We’ve gathered the best insights from a conversation with veteran leaders who have decades of experience in government, business and philanthropy. Ford Foundation president Darren Walker, former PepsiCo CEO Indra Nooyi, and former mayor of New Orleans and former White House infrastructure coordinator Mitch Landrieu meet onstage to share their hard-earned lessons. They reflect on the qualities needed to succeed, how to guide organizations through crises and make tough decisions with empathy.
Good Choices Mean Good Consequences
What are the top qualities Mitch Landrieu looks for in leaders? "Vision, courage, and character." That doesn't mean being the best person in the world, he clarifies, but really knowing who you are and what you'll go to bat for.
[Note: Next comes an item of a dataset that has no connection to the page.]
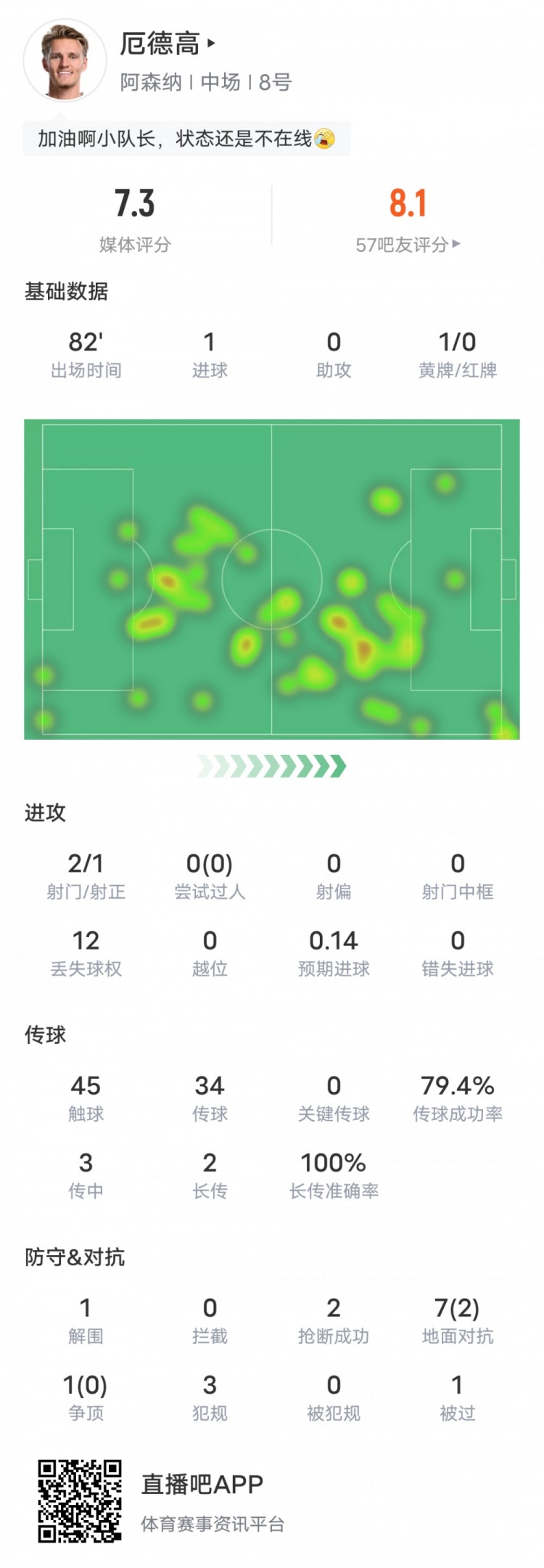 厄德高本场比赛数据：1进球2抢断1解围1黄牌，评分7.3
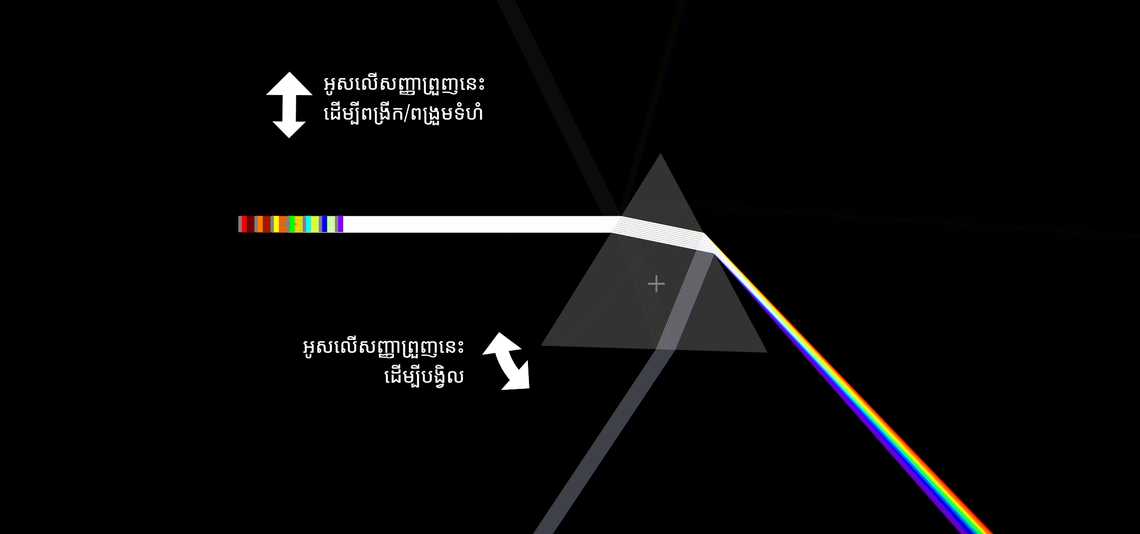 ចំណាំងបែរនៃពន្លឺពណ៍ស ដោយព្រីស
The worst traits a leader can have, he says, are "ignorance and arrogance."
Landrieu admits that we're faced with a lot of problems in this country, and are at a historical inflection point that could have decades-long ripple effects. "It's not your fault we're here," he tells the audience. “But to be clear, it is your responsibility — as a corporate leader, as a philanthropic leader, as a government leader, as a citizen, as a mother, as a father, brother, sister, whatever you are." He believes the everyday choices we make, both in our personal and professional lives, hold immense power. He imparts the audience with a piece of advice handed down from generations of Landrieus: "Bad choices equal bad consequences. Good choices equal good consequences."
Serve Society, Not Just Your Stakeholders
Darren Walker believes that leadership has suffered a transformation. “When was the last time we heard a leader speak of service?" he asks. "There was a time when service in the diplomatic corps, service in government, service in a nonprofit organization gave you great status in society and lifted you up." Today, however, Walker says that "we live in a society where capital has become the currency of status...That’s what happens in a society where inequality is so pervasive, because capital becomes more important as a means of understanding our identity.”
Change How You Think About DEI
“Companies have a duty of care to society,” says Indra Nooyi. But she says that the current operating model only works by passing on costs to society. That needs to change, she urges. "You can't deliver performance without purpose, and you can't fund purpose without performance. So it’s a virtuous circle."
Nooyi has advice for corporate leaders who are facing pushback against DEI and ESG programs. “If you start looking at DEI and ESG as metrics and programs that you have to do just to survive as a CEO, when the wind blows the other way you drop them, which is what CEOs are doing today. On the other hand, if you said to improve society, I have to talk to the best and brightest and lift them all up so society gets better and the company has a bigger talent pool, you would think about diversity differently. You wouldn't call it a DEI program. You’d talk about it as a talent, hiring, and retention program.”
Be Hard on the Problem, and Soft on the People
Walker points out that we have trouble tolerating complexity and messiness in our leaders. "We've lost our ability as a society to embrace the complexity and the layered nuance of the problems that we are facing," he says. "Because we demand of leaders that they exist in a binary — you're either for or against, and there's no in between — we make it harder."
Landrieu echoes this point, and believes that in many cases, "we don't want to solve problems. We just want to condemn." Whether it's at a board meeting or around the dinner table, he asks that we give each other more grace. "We have lost the ability to discuss really hard problems in a civil way." His advice? "Be hard on the problem. Be really hard on the problem. But be soft on the people.”